If jesus invented a programming language... 1) every program shall start with an include dad 2) constructors shall be referred to as bloody mary and you shall never question it. 3) exception handling would be simpler. all exceptions shall be handled by dad 4 ) along with the try/catch constructs, there shall be a fuck-all construct that dad would be using if pissed. 5) there won’t be any none in the language. they shall henceforth be called nun but behave similarly. 6) walking on water shall be a library and the method obj.fakewalk() does it for you. 7) every function shall return twice. 8) you shall never save your code because i save. 9) all compile errors shall henceforth be called judas and runtime, satan. 10) you shall receive an email from me if you fuck up. you shall never hear any voices, fool. 11) those who write best programs shall get to see me performing on sundays. 12) you shall not allocate/deallocate memory, dad does it 13) the method obj.nail_it() shall terminate your program. forever! 14) you shall never run your program after 9 pm. i sleep. 15) christmas is when all your programs run even without writing them. 16) all statements will end with a † and not ; 17) nobody gets to use ‘sleep’ method during the easter week. 18) model will be known as magdaline, view as vanity and controller as catholic in any mvc framework. 19) cron jobs shall be called resurrectors.
An engineer and an mba went camping and shared a tent. in the middle of the night, the engineer woke up the mba and said "you see those stars? what do you make of it?" mba: "i know everything about stars .... blah blah i know everything about the universe .... blah blah i know everything about galaxies ..... blah blah i know everything about the big bang ..... blah blah .... .... (condescendingly) well, what do *you* make of it?" engineer: "someone stole our tent"
A programmer puts two glasses on his bedside table before going to sleep. a full one, in case he gets thirsty, and an empty one, in case he doesn't.

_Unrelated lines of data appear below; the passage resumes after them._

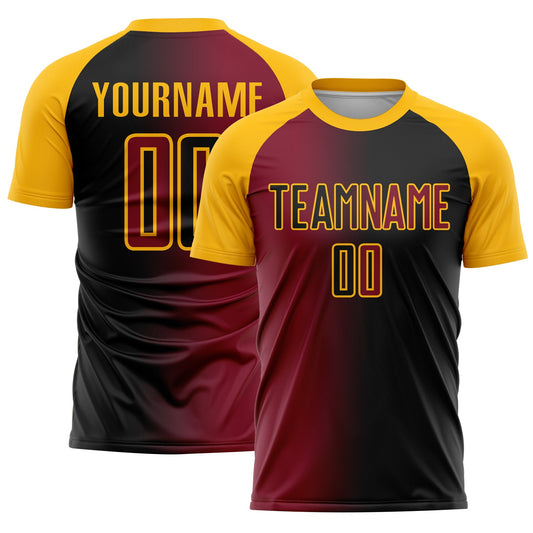 Custom Black Crimson-Gold Sublimation Gradient Fashion Soccer Uniform Jersey - Sky-Custom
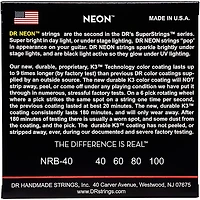 DR Strings Hi-Def NEON Red Coated Lite Bass Strings (40-100)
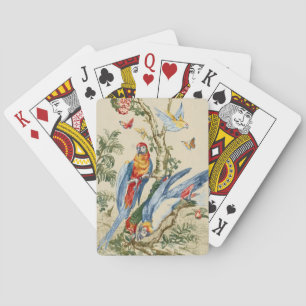 Antique Tropical Parrot and Butterfly Fine Art Playing Cards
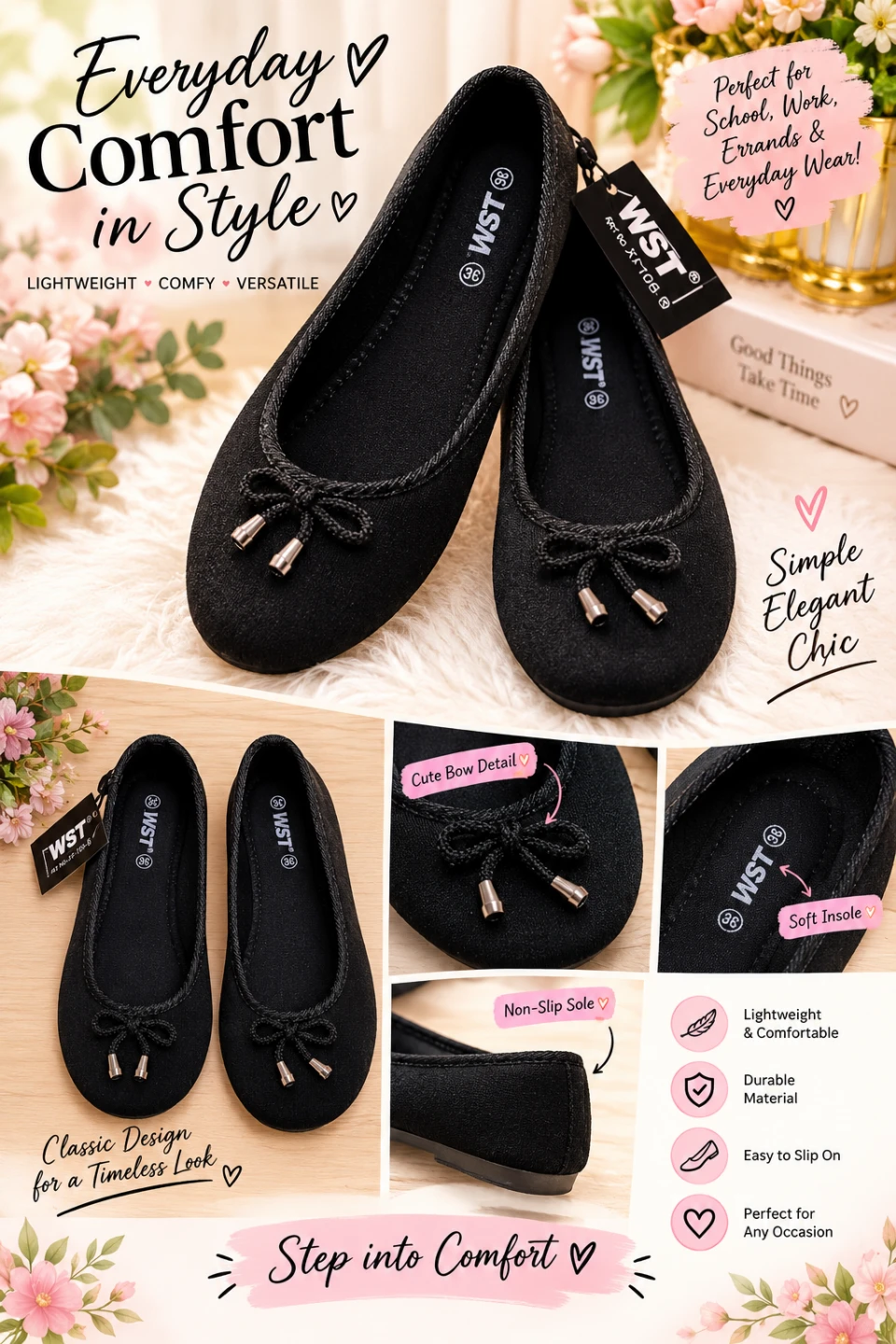 🩰WST Black Ballet Flats Size 6🩰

Context: my teammate wrote some code related to db caching & pool of strings. so we were debugging the code & here is the conversation: teammate1: yar akhir ye string, pool me kyu nahi jaa rhi ? (man, why the hell , this string is not going into the pool.) teammate2: abe , bahut thand hai na , isiliye nahi jaa rhi . (because, it's very cold.) everybody burst out laughing. ps: it was winters season that time.
"some people, when confronted with a problem, think "i know, i'll use regular expressions." now they have two problems."
A lady: can't you see the warning? smoking is injurious to health! computer programmer: we bother only about errors, not warnings!
Two unemployed lisp programmers, with only a few coins between them, are in line in the cafeteria. the first looks to the second and says, "splitp soup?"